Analyse. Si les chrétiens d’Orient souffrent, ils sont loin d’être les seuls: tout le monde musulman est victime du fléau terroriste. Une voix s’élève qui nous aide à comprendre ce qui s’est passé.
S’il y a une formule qui irrite Georges Corm, c’est «le choc des civilisations». Une «fumeuse théorie». Cet économiste et historien libanais, né à Alexandrie en 1940, ayant étudié et travaillé en France et ailleurs, se consacre depuis des années à des ouvrages sur le Moyen-Orient *. Confronté au long de sa vie à plusieurs guerres et tant de manœuvres politico-religieuses, esprit libre, il s’est forgé une conviction: dans les drames actuels, le facteur religieux est surestimé, instrumentalisé, cache des enjeux de pouvoir et des visées économiques. Dans un entrelacs d’influences qu’il s’efforce de décortiquer.
Comme a dit le pape à Sarajevo: «On perçoit un climat de guerre. Il y en a qui veulent le créer et l’attiser délibérément, en particulier ceux qui cherchent l’affrontement entre différentes cultures et civilisations, et aussi ceux qui spéculent sur les guerres pour vendre des armes.»

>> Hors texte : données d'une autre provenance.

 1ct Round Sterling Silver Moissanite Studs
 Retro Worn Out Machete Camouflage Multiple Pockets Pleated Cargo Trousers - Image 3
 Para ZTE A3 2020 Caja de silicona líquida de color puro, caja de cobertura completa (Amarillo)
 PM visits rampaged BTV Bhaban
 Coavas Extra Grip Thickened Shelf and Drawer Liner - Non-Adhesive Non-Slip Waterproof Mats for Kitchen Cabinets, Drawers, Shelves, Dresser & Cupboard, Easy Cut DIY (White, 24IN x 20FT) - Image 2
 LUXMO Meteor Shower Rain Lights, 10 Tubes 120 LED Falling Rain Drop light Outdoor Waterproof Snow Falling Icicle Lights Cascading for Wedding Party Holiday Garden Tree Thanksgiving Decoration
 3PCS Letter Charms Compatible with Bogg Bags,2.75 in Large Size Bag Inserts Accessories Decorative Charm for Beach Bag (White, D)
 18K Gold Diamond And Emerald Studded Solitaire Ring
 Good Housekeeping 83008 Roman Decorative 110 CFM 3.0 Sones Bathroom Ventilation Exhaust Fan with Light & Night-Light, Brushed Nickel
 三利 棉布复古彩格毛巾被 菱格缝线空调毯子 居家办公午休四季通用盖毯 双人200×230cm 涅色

Le chercheur libanais parcourt l’histoire. Et celle-ci contredit les clichés. Notamment sur l’islam que l’on dit en contradiction fondamentale avec la réflexion critique, avec une société profane. Qui se souvient que le monde arabe a connu de 1820 à 1950 un vaste débat qualifié d’«islam des Lumières»? Qui rappelle que des Etats se sont affirmés sans connotations religieuses, l’Egypte, l’Irak, la Syrie? Le parti laïque Baas a eu son heure de gloire, ainsi que le parti communiste… jusqu’au Soudan.

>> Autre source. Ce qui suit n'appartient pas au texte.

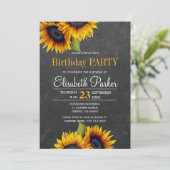 Krijtbord zonnebloemen rustieke verjaardagsfeestje kaart (Staand voorkant)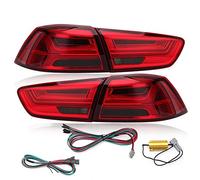 NYSQOJFNF car rear brake light LED Red Rear Tail Lights For Mitsubishi For Lancer EVO X 2005-2017 Turn Signal Reverse Light Warning Driving Fog Car Accessories Car Rear Light Assemblies(4PCS Red)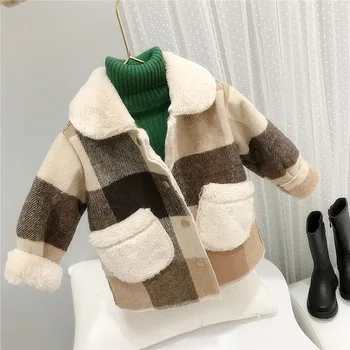 Fiúk Baba Gyerekek Fleece Kabátok Kabátok Outwear 2021 Hajtóka Jean Sűrűsödik Meleg Plusz Bársony Őszi Téli Kabát Gyermek Clothin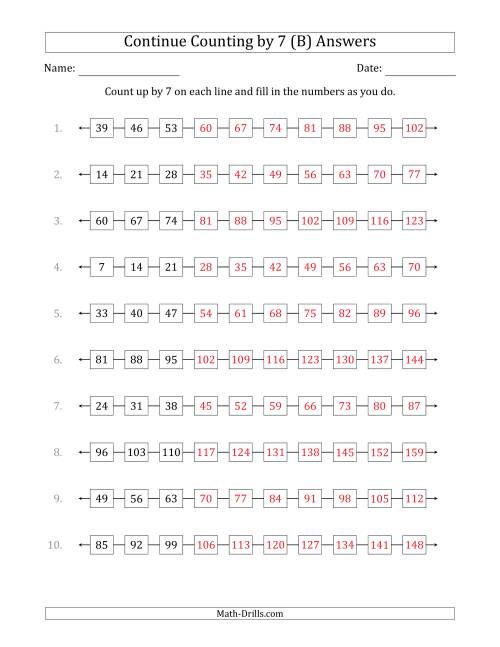 The Continue Counting Up by 7 from Various Starting Numbers (B) Math Worksheet Page 2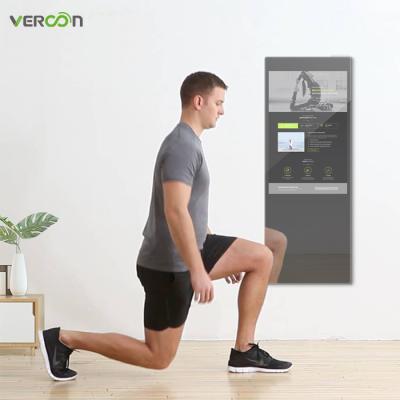 China Large Size Fitness Wall Mounted Digital Mirror Luminous Gym Mirror Smart Mirror for sale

Comment en est-on arrivé aux abominations qui s’offrent aujourd’hui en spectacle en Syrie et en Irak? Georges Corm remonte à la guerre froide. Les Etats-Unis, obsédés par leur désir de freiner le communisme, ont soutenu les talibans en Afghanistan, se sont alliés avec l’Arabie saoudite pour y envoyer des combattants islamistes. Le jeu du pompier pyromane a mal tourné mais n’a pas cessé. Ce sont les pétromonarchies, alliées des Etats-Unis, chéries en Europe, qui ont manipulé les printemps arabes et tiré les ficelles des mouvances terroristes. Cela faisant, avec les moyens modernes et beaucoup d’argent, elles ont promu le wahhabisme, version intégriste et ultraconservatrice de l’islam. Elles ont utilisé la religion pour affirmer des ambitions internationales et un pouvoir absolu. Comme les mollahs chiites l’ont fait en Iran depuis 1979.
De la mise en scène
Le fameux affrontement entre sunnites et chiites est simpliste. Il est mis en scène et attisé avec succès dans des desseins de puissances. C’est l’escalade: la haine des uns nourrit celle des autres. Comme celle qui diabolise l’islam et inversement le monde occidental.

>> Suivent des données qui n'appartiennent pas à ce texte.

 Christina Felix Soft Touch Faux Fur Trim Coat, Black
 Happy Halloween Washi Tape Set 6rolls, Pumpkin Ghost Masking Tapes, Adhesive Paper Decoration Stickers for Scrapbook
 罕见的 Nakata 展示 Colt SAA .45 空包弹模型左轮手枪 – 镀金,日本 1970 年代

Georges Corm nous fait découvrir des penseurs arabes, anciens et actuels, qui n’ont pas cessé de réfléchir à la façon de faire évoluer l’islam. Tous méconnus. Réprimés par les régimes autoritaires de leurs pays, ignorés des chercheurs américains et européens souvent financés par les pétromonarchies. Une grande figure entre d’autres: le Syrien Muhammad Shahrour, qui distingue dans le Coran une part intangible liée à la révélation divine et un message sur la façon de la vivre, liée aux circonstances historiques, à réinterpréter sans cesse, comme les chrétiens l’ont fait de leur côté, balançant selon les époques entre l’obscurantisme et la tolérance.
L’économiste n’est pas tendre avec les pays arabes en panne de développement scientifique et économique. Après les dominations ottomanes et européennes, les Etats indépendants ont cédé aux facilités de la rente pétrolière. L’autoritarisme politique et religieux a étouffé la société.
Le mérite des livres de Corm est d’ébranler les hypocrisies européenne et américaine. Ce n’est pas au nom de la démocratie que les Occidentaux ont envoyé à plusieurs reprises leurs armées au Moyen-Orient. Preuve en est leur accointance avec l’Arabie saoudite dont le régime reste abominable. Le but recherché n’était et n’est encore que le renforcement de la domination américaine dans la région et la protection présumée d’Israël. La thèse fera hurler certains, elle fera réfléchir d’autres.
* Deux ouvrages récents de Georges Corm à La Découverte: «Pensée et politique dans le monde arabe» (346 pages) et «Pour une lecture profane des conflits» (276 pages).